◆ **Exercise requirements**
Once you find the line with "Coming to the" in the listing below, set down exactly every line from it through the line with "Hey guys, in", but no pictures.

◆ **Source information**
+===+
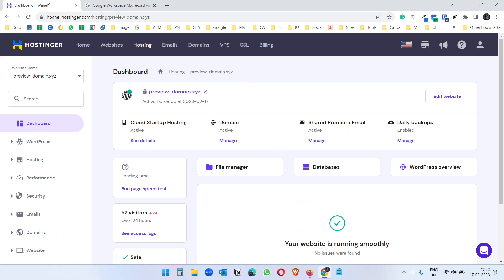I will add the MX records to this preview domain I have here with Hostinger. I have a demo website with this domain, so I can just delete the MX records from Hostinger and add the Google Workspace MX records here.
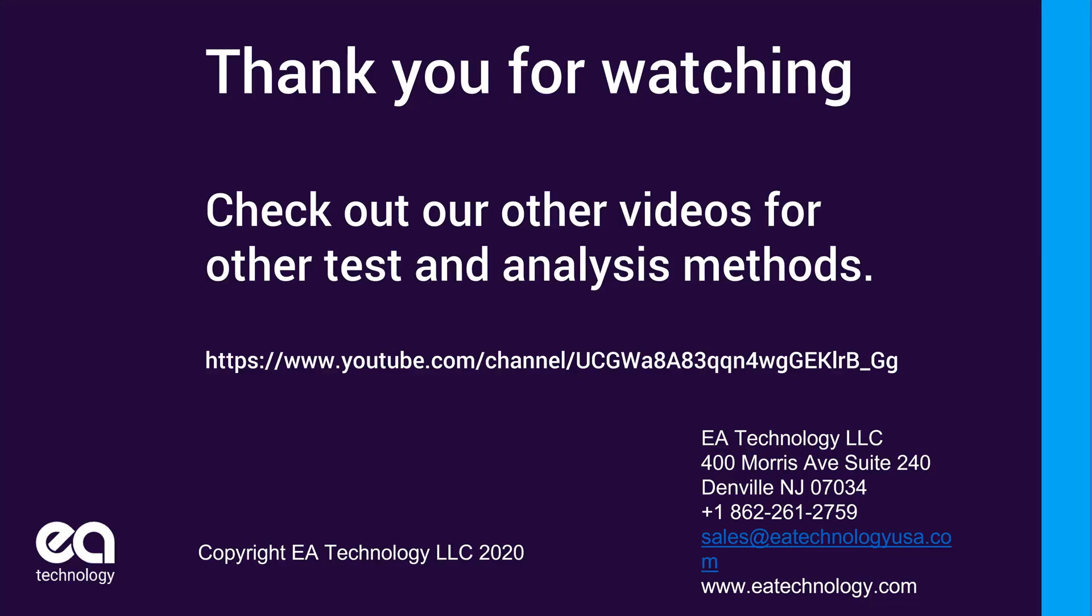Thank you for watching this video on using the Ultratev Plus 2 and the Ultratev Plus 2 locator probe for TEV testing. If you have any questions or would like to arrange a demo, please do not hesitate to contact us at EA Technology, and we will be happy to answer any questions or get you a demo for your own use. Thank you and have a good day.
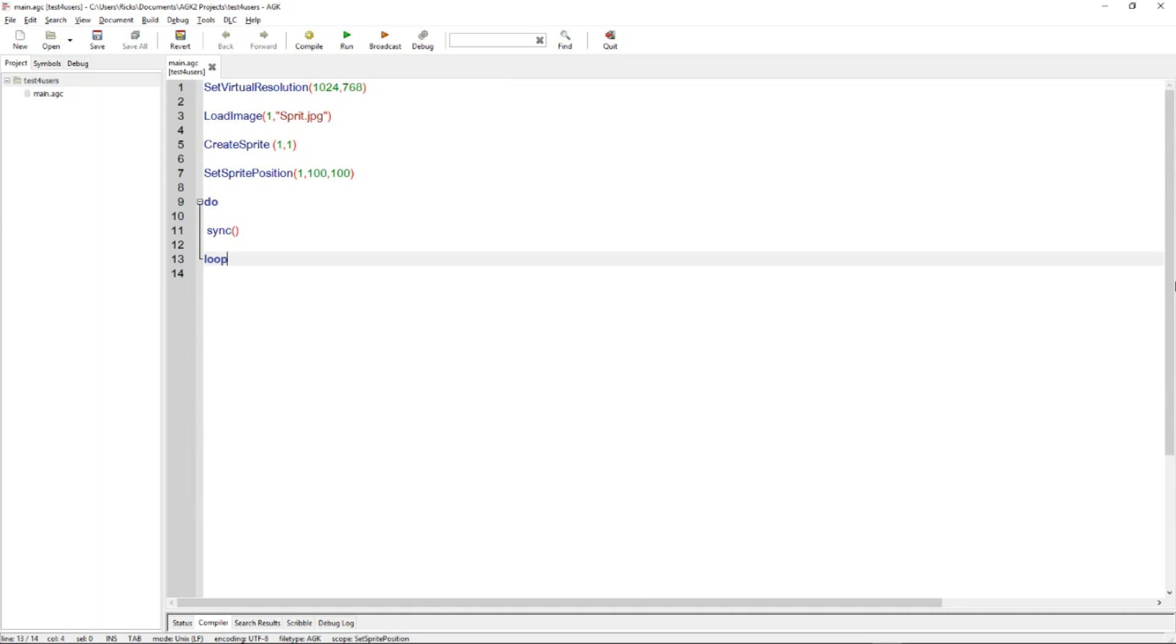Welcome to the first of many AppGameKit quick tips. The idea here is to show you something about AppGameKit in a short video.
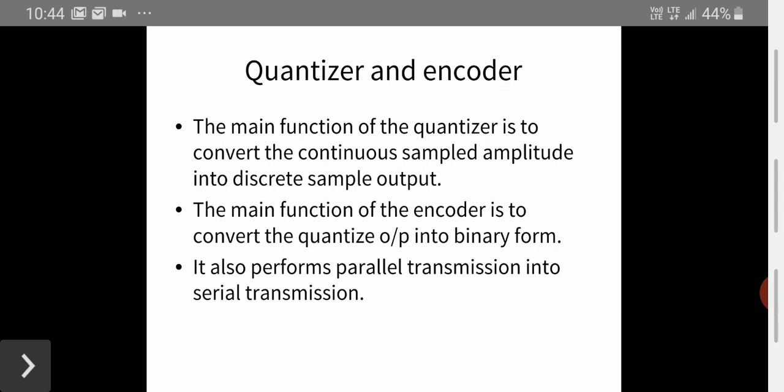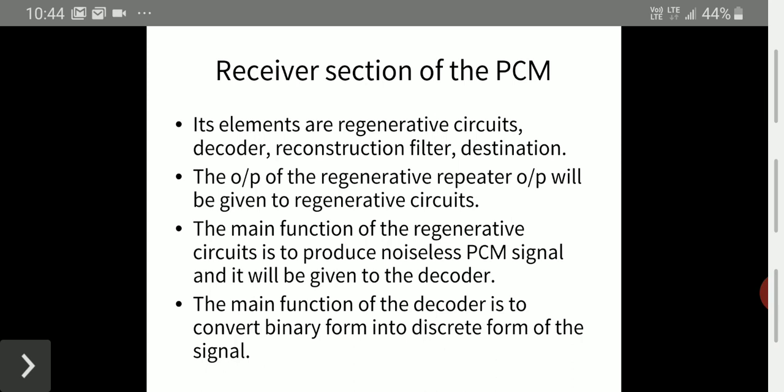Coming to the receiver section of PCM, we have regenerative circuits, decoders, and reconstructed filters, finally reaching the destination. The output of the regenerative repeaters is given to the regenerative circuit, which removes noise to produce a noiseless PCM signal. The demodulator then converts the binary form into a discrete form of the signal and performs serial-to-parallel transmission conversion.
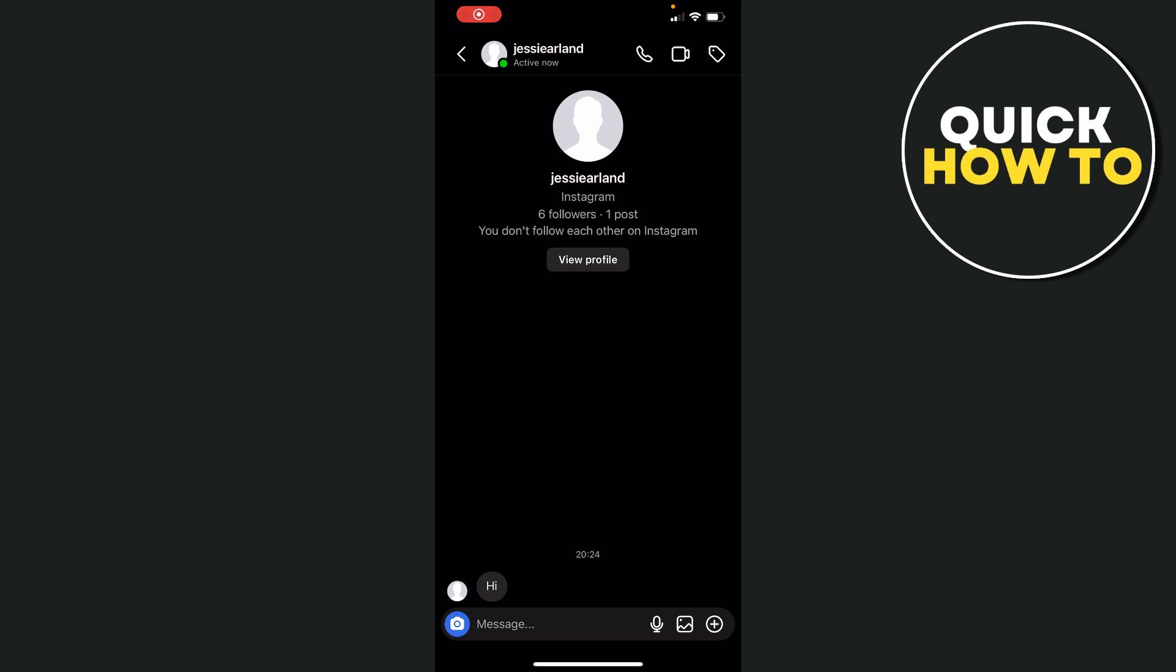Hey guys, in this video I'm going to show you how you can activate the chat theme on your Instagram in your chats. So you simply need to find the person or any messages in your account that you've sent to someone.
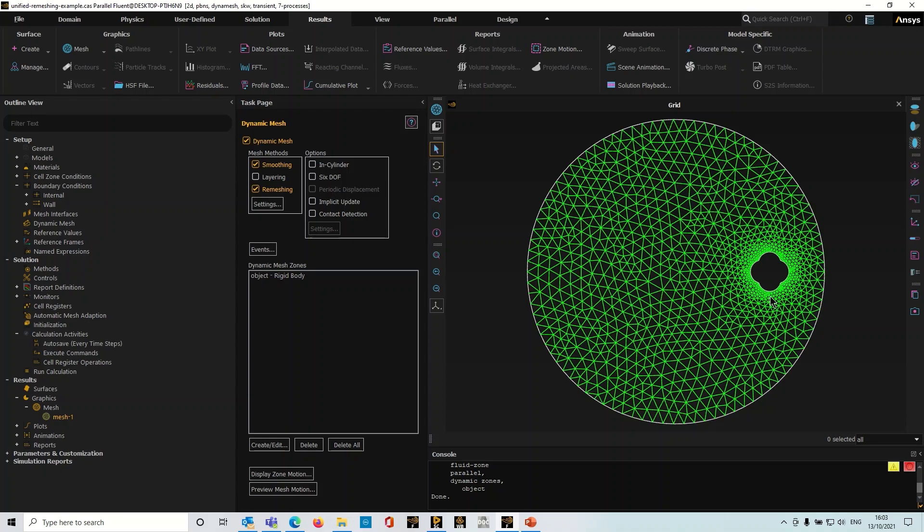Previously this was something that had to be scripted up, but there's a function in Fluent which lets you set this up very quickly and very easily.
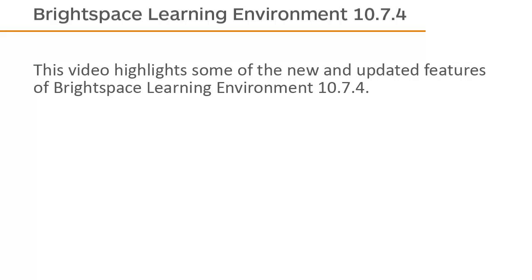This video highlights some of the new and updated features of Brightspace Learning Environment 10.7.4.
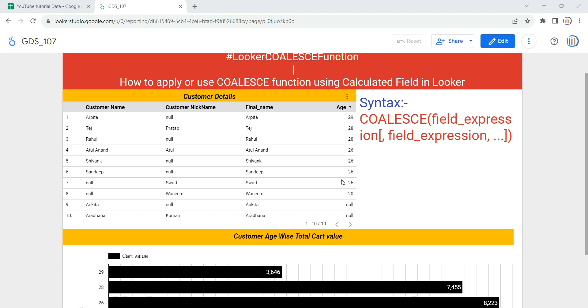Hey everyone, welcome to Data Millennials. I am Atul and in this video we are going to discuss how we can apply the COALESCE function with the help of a calculated field in Looker or Google Data Studio.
+===+
◆ **Finished exercise**
Coming to the receiver section of PCM, we have regenerative circuits, decoders, and reconstructed filters, finally reaching the destination. The output of the regenerative repeaters is given to the regenerative circuit, which removes noise to produce a noiseless PCM signal. The demodulator then converts the binary form into a discrete form of the signal and performs serial-to-parallel transmission conversion.
Hey guys, in this video I'm going to show you how you can activate the chat theme on your Instagram in your chats. So you simply need to find the person or any messages in your account that you've sent to someone.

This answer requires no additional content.